Towards the end of the 20th century, craft making began to flower in the cities. The most notable style was the recycling of fence pailings into tables, picture frames and book covers. Other common crafts included clocks fitted to polished tree burls, timber carved into candle holders and cigar boxes making use of gum nuts embedded in native timbers. In a world flooded with plastic and chipboard, such craft provided character, history, and naturalness. With time, the city craftsmen evolved their work so they were not merely producing innovative household goods, they were producing works of art. Some created wood mosaics of the landscape. Others shaped natural timber into sculptures that acted as a catalyst for thought or a reservoir of emotions.
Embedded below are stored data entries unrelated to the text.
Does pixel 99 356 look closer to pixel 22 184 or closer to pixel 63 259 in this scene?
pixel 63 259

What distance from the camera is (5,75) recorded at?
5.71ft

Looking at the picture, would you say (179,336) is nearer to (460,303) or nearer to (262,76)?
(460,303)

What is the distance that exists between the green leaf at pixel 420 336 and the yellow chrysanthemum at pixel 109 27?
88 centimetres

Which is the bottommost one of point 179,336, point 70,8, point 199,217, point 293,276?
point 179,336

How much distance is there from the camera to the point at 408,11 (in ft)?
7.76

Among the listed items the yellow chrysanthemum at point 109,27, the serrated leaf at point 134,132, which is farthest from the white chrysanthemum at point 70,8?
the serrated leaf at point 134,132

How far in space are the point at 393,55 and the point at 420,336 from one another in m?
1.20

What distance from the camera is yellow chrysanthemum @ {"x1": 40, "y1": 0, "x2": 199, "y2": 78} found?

A feature of many of the wooden sculptures are their feminine elements. Perhaps this reflects men sublimating their appreciation for females or women seeking a homo-erotic exploration. More likely though, it stems from the randomness of the Australian timber that compels the craftsmen to reveal mother nature's female form. Unlike the straight grained timber of the northern hemisphere, the grain of Australian timber ebbs and flows like a river. Branches are born only to die, and are then concealed by new layers of bark ala an oyster growing a pearl. In its lifetime, almost every wild tree will be burnt by fire but rather than die, the tree will recover, flowing new growth into and over its scare.

Australia's craft culture is the strongest in the industrialised world. To Australia's good fortune, space for pottery kilns, wielders, band-saws, wood-working lathes or drill presses can still be found in backyard sheds or garages. More importantly, many Australians still have that mental frame of mind to recycle, to adapt, to innovate and most importantly, to use their hands.